The built-in function sum adds the elements of a sequence.

It works as long as the elements of the sequence support addition.

Since Time objects provide an add method, they work with sum!

In [88]:
t1 = Time(7, 43)
t2 = Time(7, 41)
t3 = Time(7, 37)
total = sum([t1, t2, t3])
print(total)
23:01:00

If all of the operations inside a function work with a given type, the function works with that type.

The best kind of polymorphism is the unintentional kind!

One discover that a function can be applied to a type never planned for.

Interface and Implementation¶

Among the goals of object-oriented design is to make software more maintainable:

  • keep the program working as other parts of the system change
  • modify the program to meet new requirements

Design Principle: to keep interfaces separate from implementations.

... methods should not depend on how the attributes are represented.

For example, the Time class methods

  • time_to_int
  • is_after
  • add_time

can be implemented in several ways, but the implementation details depend on how we represent time!

Replacing Time attributes with a single integer (seconds since midnight) would make some methods easier to write, but some others much harder.

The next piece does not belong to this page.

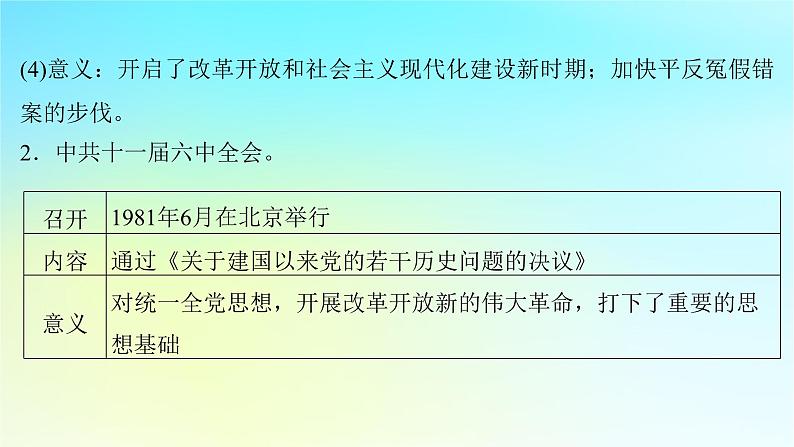 2025届高考历史一轮总复习专题七中华民族的解放崛起与复兴__中华人民共和国时期第32课中国特色社会主义道路的开创与发展课件第6页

Once a new class is deployed, a better implementation might be discovered.

When other components use this class, to change the interface is

  • time-consuming
  • error-prone

Better to design the interface carefully: to be able to change (later on) the implementation, without changing the interface!

Debugging¶

It is legal to add attributes to objects at any point, but it's easy to make mistakes!

For example, having objects with the same type, but different attributes.

Better to initialize them all in the __init__ method.

Not sure whether an object has a particular attribute?

... use the built-in function hasattr

In [106]:
hasattr(start, "hour")
Out[106]:
True
In [104]:
hasattr(start, "day")
Out[104]:
False

Or use the built-in function vars, to return (given any object) a dictionary mapping all the attribute names and values:

In [105]:
class Point:
    def __init__(self, x, y):
        self.x = x
        self.y = y

p = Point(3, 4)
vars(p)
Out[105]:
{'hour': 9, 'minute': 45, 'second': 0}

Finally, this function might be useful for debugging

In [96]:
def print_attributes(obj):
    for attr in vars(obj):
        print(attr, getattr(obj, attr))

it traverses the vars dictionary to prints each attribute name and value.

In [97]:
print_attributes(p)
y 4
x 3

The built-in function getattr takes an object and an attribute name to return the attribute’s value.